La possibilità di avvistare l’orso è facilitata dalla presenza di carcasse di animali che vengono deposte nelle vicinanze del lago. Non sono particolarmente favorevole a questa modalità di avvistamento. Osservare l’orso in libertà, come qualsiasi altro animale selvaggio, significa rispettare tutte quelle condizioni che non prevedano la presenza di fattori esterni, come la carcassa di un animale morto. Messa da parte la mia rigidità di opinione, riesco però a comprendere il senso di questa modalità di osservazione. Il capanno costringe ad una distanza obbligata, addestra a rispettare la comfort zone di ogni animale senza la benché minima possibilità di invadere, anche solo per pochi centimetri, l’habitat di una fastidiosa zanzara o dei miei amati orsi.
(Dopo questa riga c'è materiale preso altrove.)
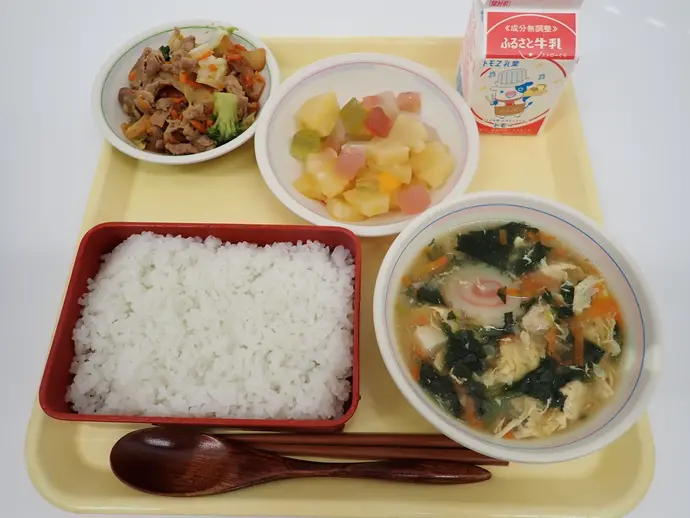 写真:12月4日(水曜)給食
Una modalità di avvistamento che preclude ogni forma di impazienza e sradica da una vita frenetica la calma necessaria per scoprire cosa si nasconda dietro il semplice movimento di un animale o dietro il soffio del vento. Bloccato ogni pensiero, mi dedico alla contemplazione del paesaggio che con le luci del tramonto assume un aspetto in continuo mutamento per colori ed ombre.
Ancora nessun segnale dell’orso. In lontananza sulla riva del lago si affaccia un ghiottone (Gulo gulo), un raro carnivoro. Le anatre impaurite si alzano frettolose dalle acque. Il ghiottone sembra aver individuato la carcassa dell’animale destinata all’orso. Non ha alcuna esitazione a rubare furbescamente la preda. Continuano intanto mille congetture sulla comparsa dell’orso e mi incoraggio ripetendomi la parola-chiave “pazienza”.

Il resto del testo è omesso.